Whereas I considered myself a Knicks fan, I found myself wandering the NBA landscape in search of a place to call home. Unable to survive on my own, it wasn't long before I found myself in one of the many displaced fan camps throughout the nation. Within this refugee camp were many other displaced fans who had likewise boycotted association with their favorite team. I met numerous Clippers fans who couldn't stand Donald Sterling, Charlotte Hornets fans who couldn't find it in their hearts to follow the Hornets to New Orleans nor root for their new Bobcats franchise, and 76er fans who had enough of their organization's mismanagement. Recently, we have even had fans from the Timberwolves' and Sonics' Nations join our camp as a reaction towards the mismanagement of their respective franchises.

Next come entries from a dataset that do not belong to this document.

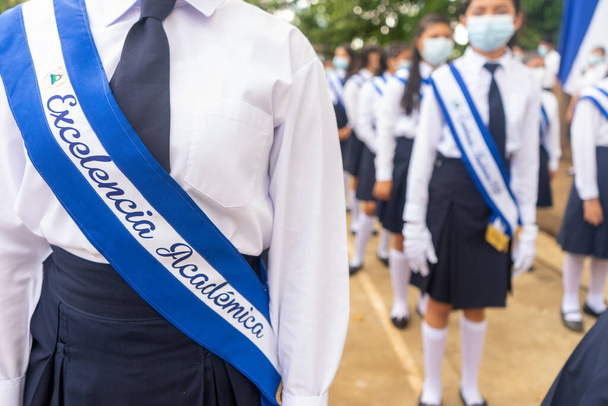 Unrecognizable Latin American teenagers students with bands of academic excellence written in spanish wearing uniform in Managua, Nicaragua - Foto, immagini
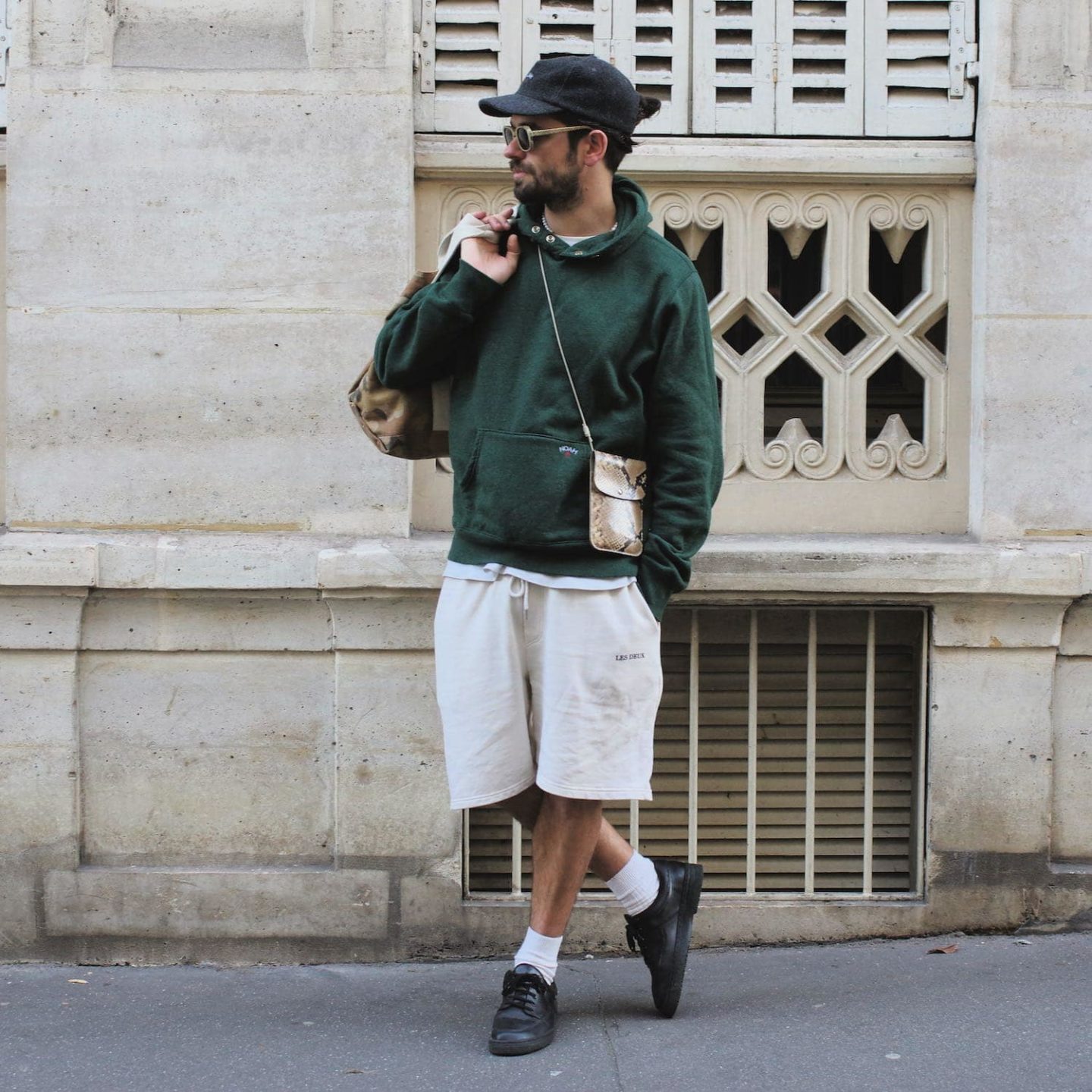 look homme streetwear chic avec casquette en laine et hoodie snap green noah avec pochette en cuir style python laperruque et lunettes marbin supreme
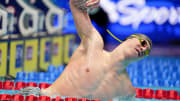 Aaron Shackell slaps the water after winning a 200-meter freestyle semifinals swim-off Sunday, June 16, 2024, during the second day of competition for the U.S. Olympic Team Swimming Trials at Lucas Oil Stadium in Indianapolis.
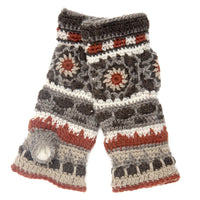 A pair of Dreams Hand Crochet Handwarmers, these wool fingerless gloves showcase geometric patterns in brown, gray, white, and rust with thumb openings and textured layers.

Although I still stayed in touch with other Knicks fans, both in New York and throughout the Knicks Nation diaspora, I grew to enjoy my new community. My fellow refugees taught me how to be a general NBA fan, to follow the league and watch the games, but not acknowledge the team of my home nation. Although there were times of despair where we would all miss our homeland, we were generally happy. We traded tales of former glory, bragged about our stars of yesteryear, and embraced the sheer joy of the game, all without the drama of attachment.
Despite the joy of living in a displaced fan camp, I secretly yearned to return to Knicks Nation. I dreamt of the day when I could watch Marbury, Randolph, Curry, and Balkman and cheer with my fellow Knicks fans. Alas, as long as the incompetent regime of Isiah Thomas maintained control, I would remain in the camp, left only with my hopes, dreams, and fleeting memories of days gone by.
Then, last week, a glimmer of hope. After the Knicks suffered one of the worst losses in franchise history, a 45-point shellacking by the Boston Celtics, I thought for sure I could begin planning my return. Gleefully, I packed my bags, rolled up my sleeping mat, and prepared for the long journey home. Unfortunately, it was not to be. Despite the protests of both the remnants of Knicks Nation and their supporting media channels, Isiah Thomas remained in power. Dejected, I returned to my spot in the camp, unrolled my sleeping mat and closed my eyes, dreaming of Walt Frazier, Bernard King, and Patrick Ewing.
I know there will be a day when I will return to the Knicks Nation. A time when I will have to say good-bye to the many friends I have made in the displaced fan refugee camp. Despite the sadness of farewell, however, the fall of the Thomas regime will be among the happiest events of my life. As I have planned for years, on that joyous day I will once again don my John Starks jersey, dust off my Knicks hat, find myself a seat at my local sports bar, and cheer loudly and boisterously for the Knickbockers of New York.